Aside from differences with the preceding period, we may also note some continuity. The rail chariot, introduced during the late thirteenth century BC, continues in use. Likewise, many scenes of battle that date from the twelfth century BC feature ships that are similar to warships of the Palatial era, with a flat keel. These vessels would continue in use until the Archaic period, undergoing relatively minor changes, including being fitted with a bronze ram.
Observant readers may have noticed that I have not once referred to the Homeric epics or the story of the Trojan War in this article.

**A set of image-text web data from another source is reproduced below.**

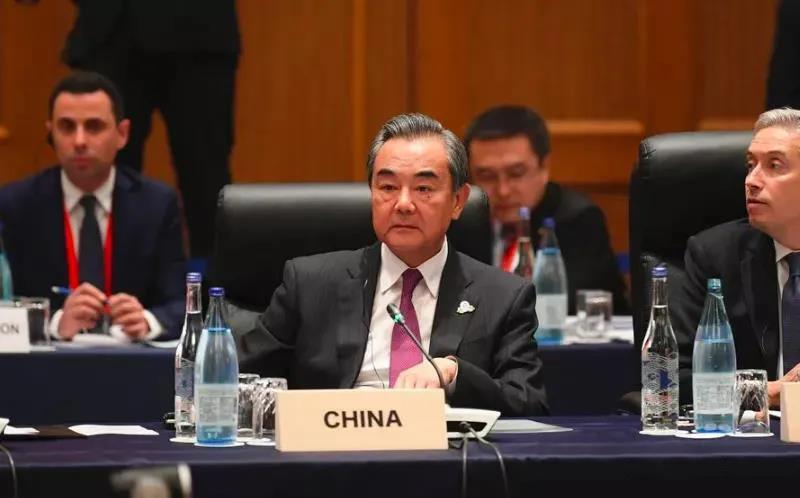 王毅同乌克兰外长库列巴通电话乌克兰外长：中国已成为有效抗击疫情的典范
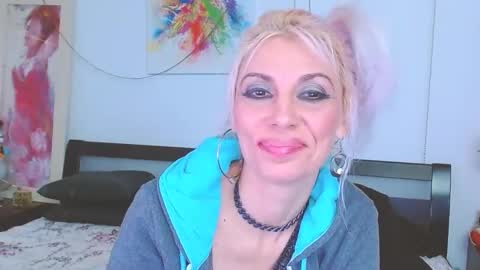 Lara online show from 02/05/25, 05:20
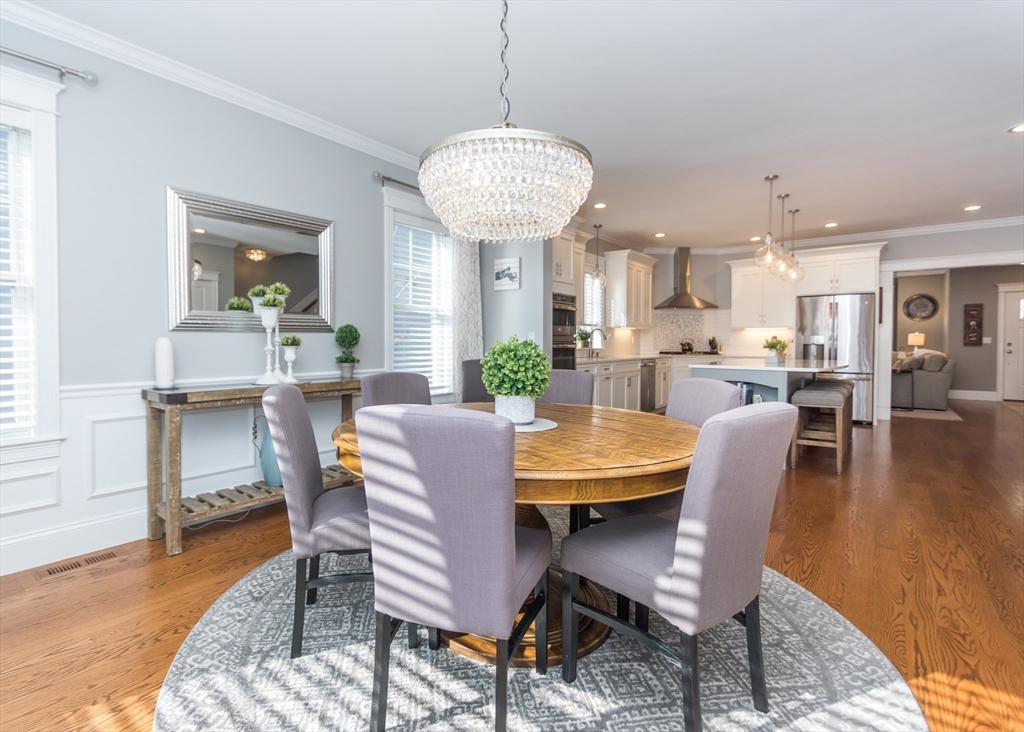 22 Grove Street, Unit 2 Waltham, MA 02453 - Photo 8 of 37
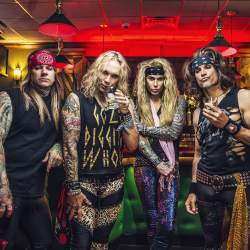 Signierte Steel Panther Gitarre – Sammlerstück für Fans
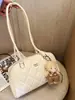 Bolsa Boston Matelassê Bordada de Alta Qualidade para Axila Feminina Outono 2025 Casual Versátil Roupas de Trabalho Bolsa de Ombro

This was intentional, because even if the story of the Trojan War has roots that stretch back to the Late Bronze Age, there is (almost) nothing in the epics that can be positively identified as Mycenaean.
However, there are traces of a (possible) Trojan War to be found in Anatolian sources that do go back to the Bronze Age. It is beyond the remit of this article to devote too much space to the subject here, but interested readers should check out Mary R. Bachvarova’s From Hittite to Homer. The Anatolian Background of Ancient Greek Epic (2016).
For example, Bachvarova notes (p. 400-401):
We know that the story tradition about Troy is indeed very old. As mentioned in earlier chapters, the destruction of Troy/Tarwiza may have already reached legendary status among the Hittites in the Late Bronze Age, and Luwians were already singing about “steep Wilusa” in the fourteenth century BCE. There is, however, no reason to believe that a Mycenaean epic about the fall of Troy existed.
But I hope that this article demonstrates that Mycenaean warfare is interesting in and of itself; it does not have to be given meaning by reference to the story of the Trojan War, or by forcing the Homeric epics to somehow fit into the Late Bronze Age. Archaeology has unearthed a great deal about the Mycenaean world without us having to take recourse to texts that were first written down centuries after the end of the Bronze Age.
Furthermore, I hope that this diachronic overview has given some idea of how dynamic warfare was for the period under examination. Weapons, armour, and related items changed continuously over the course of the Late Bronze Age, and I have only touched on major developments here.